■ **RECORDS FOR THIS EXERCISE**:
+++

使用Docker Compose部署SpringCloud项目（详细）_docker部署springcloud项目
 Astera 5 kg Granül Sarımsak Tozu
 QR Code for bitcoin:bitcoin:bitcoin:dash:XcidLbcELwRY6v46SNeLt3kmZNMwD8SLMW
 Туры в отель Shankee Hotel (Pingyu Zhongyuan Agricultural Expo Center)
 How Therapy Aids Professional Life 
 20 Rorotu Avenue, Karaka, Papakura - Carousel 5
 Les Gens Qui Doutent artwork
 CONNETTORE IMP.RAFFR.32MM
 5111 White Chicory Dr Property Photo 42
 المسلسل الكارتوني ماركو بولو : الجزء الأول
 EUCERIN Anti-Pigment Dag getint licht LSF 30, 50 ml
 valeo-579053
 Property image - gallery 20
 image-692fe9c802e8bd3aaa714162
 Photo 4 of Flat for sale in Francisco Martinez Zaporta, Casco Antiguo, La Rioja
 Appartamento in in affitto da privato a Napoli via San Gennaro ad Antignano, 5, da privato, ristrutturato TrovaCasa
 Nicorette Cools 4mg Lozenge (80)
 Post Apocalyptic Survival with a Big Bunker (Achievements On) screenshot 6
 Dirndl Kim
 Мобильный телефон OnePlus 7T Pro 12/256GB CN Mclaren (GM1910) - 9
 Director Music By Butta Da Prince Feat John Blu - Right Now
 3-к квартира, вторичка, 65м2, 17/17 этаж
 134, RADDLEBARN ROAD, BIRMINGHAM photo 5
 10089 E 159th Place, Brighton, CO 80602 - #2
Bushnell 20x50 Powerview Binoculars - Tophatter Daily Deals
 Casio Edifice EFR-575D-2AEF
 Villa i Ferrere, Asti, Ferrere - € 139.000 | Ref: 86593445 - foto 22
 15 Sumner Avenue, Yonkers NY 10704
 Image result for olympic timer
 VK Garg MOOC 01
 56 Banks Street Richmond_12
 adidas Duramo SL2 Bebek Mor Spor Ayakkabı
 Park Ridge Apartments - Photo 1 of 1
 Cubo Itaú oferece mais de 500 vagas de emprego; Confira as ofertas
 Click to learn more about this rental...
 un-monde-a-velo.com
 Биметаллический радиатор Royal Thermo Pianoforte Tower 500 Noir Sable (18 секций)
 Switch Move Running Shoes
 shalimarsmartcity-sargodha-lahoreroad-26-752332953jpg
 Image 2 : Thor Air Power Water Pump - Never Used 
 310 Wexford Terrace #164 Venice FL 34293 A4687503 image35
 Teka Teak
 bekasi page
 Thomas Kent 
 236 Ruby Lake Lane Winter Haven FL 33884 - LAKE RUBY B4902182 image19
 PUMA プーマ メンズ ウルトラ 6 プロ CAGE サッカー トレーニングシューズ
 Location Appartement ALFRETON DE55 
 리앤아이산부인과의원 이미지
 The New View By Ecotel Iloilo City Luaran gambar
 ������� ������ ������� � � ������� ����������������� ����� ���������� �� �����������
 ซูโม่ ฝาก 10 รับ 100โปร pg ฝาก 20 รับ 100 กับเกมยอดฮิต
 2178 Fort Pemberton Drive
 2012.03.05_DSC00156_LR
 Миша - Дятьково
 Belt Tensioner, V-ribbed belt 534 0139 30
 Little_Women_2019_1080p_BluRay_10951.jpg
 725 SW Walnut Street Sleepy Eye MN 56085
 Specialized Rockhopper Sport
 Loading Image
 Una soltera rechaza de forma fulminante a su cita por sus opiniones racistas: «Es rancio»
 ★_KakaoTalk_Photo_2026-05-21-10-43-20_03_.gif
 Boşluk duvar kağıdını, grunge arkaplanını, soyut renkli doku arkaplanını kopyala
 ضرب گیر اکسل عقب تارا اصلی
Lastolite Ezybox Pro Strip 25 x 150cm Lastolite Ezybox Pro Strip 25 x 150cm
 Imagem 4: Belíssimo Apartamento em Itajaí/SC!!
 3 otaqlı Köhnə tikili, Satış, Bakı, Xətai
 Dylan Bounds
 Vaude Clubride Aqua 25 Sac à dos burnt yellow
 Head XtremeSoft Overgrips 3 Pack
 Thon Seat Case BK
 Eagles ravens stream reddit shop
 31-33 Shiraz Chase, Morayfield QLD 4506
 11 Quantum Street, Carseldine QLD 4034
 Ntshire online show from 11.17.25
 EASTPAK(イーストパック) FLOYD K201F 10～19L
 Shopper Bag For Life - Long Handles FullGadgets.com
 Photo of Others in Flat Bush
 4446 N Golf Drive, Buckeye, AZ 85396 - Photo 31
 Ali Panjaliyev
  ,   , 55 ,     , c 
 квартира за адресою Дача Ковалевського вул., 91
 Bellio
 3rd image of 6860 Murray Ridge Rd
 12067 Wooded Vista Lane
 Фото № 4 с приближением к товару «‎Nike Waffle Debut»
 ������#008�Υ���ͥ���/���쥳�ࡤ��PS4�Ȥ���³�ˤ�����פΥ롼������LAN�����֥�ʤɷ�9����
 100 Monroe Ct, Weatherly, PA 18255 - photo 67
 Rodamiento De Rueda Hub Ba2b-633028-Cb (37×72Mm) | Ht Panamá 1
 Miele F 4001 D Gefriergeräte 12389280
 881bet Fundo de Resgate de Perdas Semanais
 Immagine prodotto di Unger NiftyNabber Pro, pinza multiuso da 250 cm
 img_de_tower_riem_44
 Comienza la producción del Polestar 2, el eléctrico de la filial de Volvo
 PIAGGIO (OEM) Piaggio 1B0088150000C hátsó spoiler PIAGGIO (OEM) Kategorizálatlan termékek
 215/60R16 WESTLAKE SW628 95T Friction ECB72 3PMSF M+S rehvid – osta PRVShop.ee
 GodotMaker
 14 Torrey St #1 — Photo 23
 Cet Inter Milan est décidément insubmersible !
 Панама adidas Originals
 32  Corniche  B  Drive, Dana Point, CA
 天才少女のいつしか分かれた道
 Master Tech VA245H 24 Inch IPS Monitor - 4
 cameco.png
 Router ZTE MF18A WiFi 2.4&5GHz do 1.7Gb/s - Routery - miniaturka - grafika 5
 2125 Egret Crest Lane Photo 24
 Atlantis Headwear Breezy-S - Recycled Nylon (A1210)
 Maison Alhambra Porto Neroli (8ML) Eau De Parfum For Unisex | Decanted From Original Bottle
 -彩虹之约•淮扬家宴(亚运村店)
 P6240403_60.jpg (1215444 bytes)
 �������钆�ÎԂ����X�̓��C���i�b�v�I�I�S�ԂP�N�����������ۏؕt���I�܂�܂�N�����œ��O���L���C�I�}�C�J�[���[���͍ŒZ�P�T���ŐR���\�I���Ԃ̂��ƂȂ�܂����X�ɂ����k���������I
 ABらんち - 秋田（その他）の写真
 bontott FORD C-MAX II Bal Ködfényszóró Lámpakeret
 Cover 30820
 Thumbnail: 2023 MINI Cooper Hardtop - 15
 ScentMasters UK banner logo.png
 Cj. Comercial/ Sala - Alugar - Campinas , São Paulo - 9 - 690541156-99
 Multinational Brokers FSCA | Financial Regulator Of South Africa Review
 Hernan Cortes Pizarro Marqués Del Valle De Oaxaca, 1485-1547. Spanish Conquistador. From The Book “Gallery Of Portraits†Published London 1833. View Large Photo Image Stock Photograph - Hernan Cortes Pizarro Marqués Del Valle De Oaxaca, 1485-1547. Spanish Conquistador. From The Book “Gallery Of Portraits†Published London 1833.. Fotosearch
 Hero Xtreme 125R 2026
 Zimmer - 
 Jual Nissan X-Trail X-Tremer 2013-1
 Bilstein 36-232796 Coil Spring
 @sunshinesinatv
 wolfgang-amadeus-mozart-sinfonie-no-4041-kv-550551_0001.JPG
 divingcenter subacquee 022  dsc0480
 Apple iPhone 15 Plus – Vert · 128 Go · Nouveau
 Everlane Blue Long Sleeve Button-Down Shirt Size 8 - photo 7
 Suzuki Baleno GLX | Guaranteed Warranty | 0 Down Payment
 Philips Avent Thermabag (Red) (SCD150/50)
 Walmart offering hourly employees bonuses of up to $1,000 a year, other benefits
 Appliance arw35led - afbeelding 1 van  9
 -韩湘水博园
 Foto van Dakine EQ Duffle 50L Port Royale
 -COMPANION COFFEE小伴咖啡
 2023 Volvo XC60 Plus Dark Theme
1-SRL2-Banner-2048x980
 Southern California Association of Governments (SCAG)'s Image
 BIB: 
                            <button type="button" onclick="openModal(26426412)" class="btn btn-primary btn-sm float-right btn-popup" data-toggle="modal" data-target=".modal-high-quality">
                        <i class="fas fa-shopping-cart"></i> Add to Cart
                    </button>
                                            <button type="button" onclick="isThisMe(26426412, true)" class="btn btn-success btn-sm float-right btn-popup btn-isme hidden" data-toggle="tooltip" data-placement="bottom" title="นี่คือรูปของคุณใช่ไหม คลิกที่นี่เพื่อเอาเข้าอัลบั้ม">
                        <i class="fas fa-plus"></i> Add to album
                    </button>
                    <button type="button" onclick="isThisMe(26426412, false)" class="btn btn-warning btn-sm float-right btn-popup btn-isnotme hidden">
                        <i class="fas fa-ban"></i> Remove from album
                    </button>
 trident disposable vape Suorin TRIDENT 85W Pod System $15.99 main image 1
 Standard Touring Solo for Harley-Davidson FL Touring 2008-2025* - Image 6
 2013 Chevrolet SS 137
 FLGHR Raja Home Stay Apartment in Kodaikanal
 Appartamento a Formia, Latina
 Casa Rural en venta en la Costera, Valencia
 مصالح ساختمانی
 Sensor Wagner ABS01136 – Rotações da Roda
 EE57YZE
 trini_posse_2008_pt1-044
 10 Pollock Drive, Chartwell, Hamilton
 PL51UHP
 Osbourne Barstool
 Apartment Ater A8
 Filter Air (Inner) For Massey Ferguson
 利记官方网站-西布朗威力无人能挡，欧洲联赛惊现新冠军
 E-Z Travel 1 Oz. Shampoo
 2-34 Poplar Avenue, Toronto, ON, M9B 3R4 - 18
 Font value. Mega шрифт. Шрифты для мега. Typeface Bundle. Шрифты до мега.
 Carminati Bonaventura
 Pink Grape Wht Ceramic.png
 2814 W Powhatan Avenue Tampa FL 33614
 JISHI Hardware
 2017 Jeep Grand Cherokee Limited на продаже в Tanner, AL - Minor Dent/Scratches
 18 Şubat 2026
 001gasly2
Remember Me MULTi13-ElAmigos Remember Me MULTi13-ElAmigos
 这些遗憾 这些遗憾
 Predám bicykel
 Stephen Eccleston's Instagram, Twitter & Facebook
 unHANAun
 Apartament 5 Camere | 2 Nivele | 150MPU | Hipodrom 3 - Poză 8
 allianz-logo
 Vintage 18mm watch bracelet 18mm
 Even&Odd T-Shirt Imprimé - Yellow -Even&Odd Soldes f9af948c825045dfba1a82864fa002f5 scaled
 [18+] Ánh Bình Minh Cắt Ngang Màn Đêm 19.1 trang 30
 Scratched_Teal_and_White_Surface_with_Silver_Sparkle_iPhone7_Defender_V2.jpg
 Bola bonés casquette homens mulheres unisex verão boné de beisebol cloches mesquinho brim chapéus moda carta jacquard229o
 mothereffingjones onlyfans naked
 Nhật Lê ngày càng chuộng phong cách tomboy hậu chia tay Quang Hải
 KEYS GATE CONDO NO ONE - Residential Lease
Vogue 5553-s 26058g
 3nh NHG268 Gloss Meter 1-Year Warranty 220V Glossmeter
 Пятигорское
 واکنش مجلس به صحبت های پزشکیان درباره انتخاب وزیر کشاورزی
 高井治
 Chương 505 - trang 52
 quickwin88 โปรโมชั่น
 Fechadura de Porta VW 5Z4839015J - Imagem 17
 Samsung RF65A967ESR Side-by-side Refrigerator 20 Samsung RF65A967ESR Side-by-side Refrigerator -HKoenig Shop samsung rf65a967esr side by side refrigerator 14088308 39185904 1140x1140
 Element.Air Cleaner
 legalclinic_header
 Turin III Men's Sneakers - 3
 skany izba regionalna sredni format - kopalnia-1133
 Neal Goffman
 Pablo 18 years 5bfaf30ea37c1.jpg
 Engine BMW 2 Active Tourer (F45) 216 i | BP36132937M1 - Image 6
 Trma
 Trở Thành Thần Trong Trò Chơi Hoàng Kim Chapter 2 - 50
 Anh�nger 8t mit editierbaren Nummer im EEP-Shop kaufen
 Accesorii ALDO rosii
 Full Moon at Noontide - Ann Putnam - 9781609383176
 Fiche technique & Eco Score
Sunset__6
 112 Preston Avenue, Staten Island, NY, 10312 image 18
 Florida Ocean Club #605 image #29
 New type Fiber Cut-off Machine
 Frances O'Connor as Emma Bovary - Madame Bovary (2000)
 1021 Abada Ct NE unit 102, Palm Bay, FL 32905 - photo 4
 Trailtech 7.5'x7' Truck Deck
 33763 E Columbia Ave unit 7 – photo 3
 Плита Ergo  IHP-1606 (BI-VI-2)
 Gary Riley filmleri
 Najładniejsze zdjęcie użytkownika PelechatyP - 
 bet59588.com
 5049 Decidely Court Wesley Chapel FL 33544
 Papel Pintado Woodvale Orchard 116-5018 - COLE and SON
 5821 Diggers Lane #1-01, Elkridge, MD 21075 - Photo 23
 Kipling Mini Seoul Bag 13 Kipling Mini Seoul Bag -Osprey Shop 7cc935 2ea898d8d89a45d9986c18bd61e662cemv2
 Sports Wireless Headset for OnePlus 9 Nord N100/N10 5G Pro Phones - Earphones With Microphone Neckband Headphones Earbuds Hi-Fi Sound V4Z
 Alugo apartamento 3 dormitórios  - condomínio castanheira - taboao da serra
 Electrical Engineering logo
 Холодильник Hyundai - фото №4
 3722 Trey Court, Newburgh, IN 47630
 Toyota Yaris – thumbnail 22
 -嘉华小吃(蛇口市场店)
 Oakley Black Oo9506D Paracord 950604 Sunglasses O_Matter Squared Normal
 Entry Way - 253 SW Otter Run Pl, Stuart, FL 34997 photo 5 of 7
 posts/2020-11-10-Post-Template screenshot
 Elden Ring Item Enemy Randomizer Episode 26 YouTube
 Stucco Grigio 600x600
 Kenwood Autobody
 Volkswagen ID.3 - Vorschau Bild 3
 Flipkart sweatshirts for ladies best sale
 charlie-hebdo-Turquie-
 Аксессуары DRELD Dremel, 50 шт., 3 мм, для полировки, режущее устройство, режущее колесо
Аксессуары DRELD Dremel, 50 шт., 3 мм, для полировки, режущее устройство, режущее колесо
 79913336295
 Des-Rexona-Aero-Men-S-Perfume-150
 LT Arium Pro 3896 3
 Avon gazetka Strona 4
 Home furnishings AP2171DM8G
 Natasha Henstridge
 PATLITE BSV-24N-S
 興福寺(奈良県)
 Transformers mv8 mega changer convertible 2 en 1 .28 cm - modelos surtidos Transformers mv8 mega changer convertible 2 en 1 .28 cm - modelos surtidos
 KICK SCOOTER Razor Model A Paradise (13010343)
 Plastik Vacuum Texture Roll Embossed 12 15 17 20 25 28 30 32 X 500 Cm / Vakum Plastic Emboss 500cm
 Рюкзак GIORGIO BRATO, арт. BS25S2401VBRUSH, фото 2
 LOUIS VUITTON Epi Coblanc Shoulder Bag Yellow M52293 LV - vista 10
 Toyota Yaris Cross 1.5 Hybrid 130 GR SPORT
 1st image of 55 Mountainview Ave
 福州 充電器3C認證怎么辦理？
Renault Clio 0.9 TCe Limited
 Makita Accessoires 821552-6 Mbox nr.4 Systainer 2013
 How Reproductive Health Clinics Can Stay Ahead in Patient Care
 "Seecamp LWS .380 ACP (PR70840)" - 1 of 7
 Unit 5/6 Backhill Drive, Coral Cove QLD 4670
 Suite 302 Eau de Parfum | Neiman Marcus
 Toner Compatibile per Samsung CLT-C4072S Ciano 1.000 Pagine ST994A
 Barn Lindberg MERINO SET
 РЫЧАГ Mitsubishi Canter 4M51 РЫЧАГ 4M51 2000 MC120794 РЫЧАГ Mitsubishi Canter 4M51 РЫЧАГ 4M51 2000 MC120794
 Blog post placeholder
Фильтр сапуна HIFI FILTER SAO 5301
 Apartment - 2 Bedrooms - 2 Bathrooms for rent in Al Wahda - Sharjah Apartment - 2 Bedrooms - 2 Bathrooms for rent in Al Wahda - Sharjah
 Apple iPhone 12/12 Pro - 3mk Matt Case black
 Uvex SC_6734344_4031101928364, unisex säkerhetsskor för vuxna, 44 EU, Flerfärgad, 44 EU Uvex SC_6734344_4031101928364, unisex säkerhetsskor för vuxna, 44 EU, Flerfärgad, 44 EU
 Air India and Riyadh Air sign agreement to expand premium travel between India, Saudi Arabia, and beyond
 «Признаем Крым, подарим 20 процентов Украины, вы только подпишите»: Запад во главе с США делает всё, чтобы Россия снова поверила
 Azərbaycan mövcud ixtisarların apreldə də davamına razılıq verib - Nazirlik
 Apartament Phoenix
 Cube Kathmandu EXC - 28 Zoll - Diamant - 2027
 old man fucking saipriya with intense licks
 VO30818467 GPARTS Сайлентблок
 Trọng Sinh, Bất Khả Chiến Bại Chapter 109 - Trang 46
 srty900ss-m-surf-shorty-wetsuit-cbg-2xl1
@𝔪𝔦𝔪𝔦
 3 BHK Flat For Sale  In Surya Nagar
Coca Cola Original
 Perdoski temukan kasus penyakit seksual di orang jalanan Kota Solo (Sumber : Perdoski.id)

+++

■ **TASK REQUIREMENTS**: Write the opening line of the data above and every line after it, exactly, stopping once you have written the line with "Switch Move Running Shoes".

■ **COMPLETED EXERCISE**:
使用Docker Compose部署SpringCloud项目（详细）_docker部署springcloud项目
 Astera 5 kg Granül Sarımsak Tozu
 QR Code for bitcoin:bitcoin:bitcoin:dash:XcidLbcELwRY6v46SNeLt3kmZNMwD8SLMW
 Туры в отель Shankee Hotel (Pingyu Zhongyuan Agricultural Expo Center)
 How Therapy Aids Professional Life 
 20 Rorotu Avenue, Karaka, Papakura - Carousel 5
 Les Gens Qui Doutent artwork
 CONNETTORE IMP.RAFFR.32MM
 5111 White Chicory Dr Property Photo 42
 المسلسل الكارتوني ماركو بولو : الجزء الأول
 EUCERIN Anti-Pigment Dag getint licht LSF 30, 50 ml
 valeo-579053
 Property image - gallery 20
 image-692fe9c802e8bd3aaa714162
 Photo 4 of Flat for sale in Francisco Martinez Zaporta, Casco Antiguo, La Rioja
 Appartamento in in affitto da privato a Napoli via San Gennaro ad Antignano, 5, da privato, ristrutturato TrovaCasa
 Nicorette Cools 4mg Lozenge (80)
 Post Apocalyptic Survival with a Big Bunker (Achievements On) screenshot 6
 Dirndl Kim
 Мобильный телефон OnePlus 7T Pro 12/256GB CN Mclaren (GM1910) - 9
 Director Music By Butta Da Prince Feat John Blu - Right Now
 3-к квартира, вторичка, 65м2, 17/17 этаж
 134, RADDLEBARN ROAD, BIRMINGHAM photo 5
 10089 E 159th Place, Brighton, CO 80602 - #2
Bushnell 20x50 Powerview Binoculars - Tophatter Daily Deals
 Casio Edifice EFR-575D-2AEF
 Villa i Ferrere, Asti, Ferrere - € 139.000 | Ref: 86593445 - foto 22
 15 Sumner Avenue, Yonkers NY 10704
 Image result for olympic timer
 VK Garg MOOC 01
 56 Banks Street Richmond_12
 adidas Duramo SL2 Bebek Mor Spor Ayakkabı
 Park Ridge Apartments - Photo 1 of 1
 Cubo Itaú oferece mais de 500 vagas de emprego; Confira as ofertas
 Click to learn more about this rental...
 un-monde-a-velo.com
 Биметаллический радиатор Royal Thermo Pianoforte Tower 500 Noir Sable (18 секций)
 Switch Move Running Shoes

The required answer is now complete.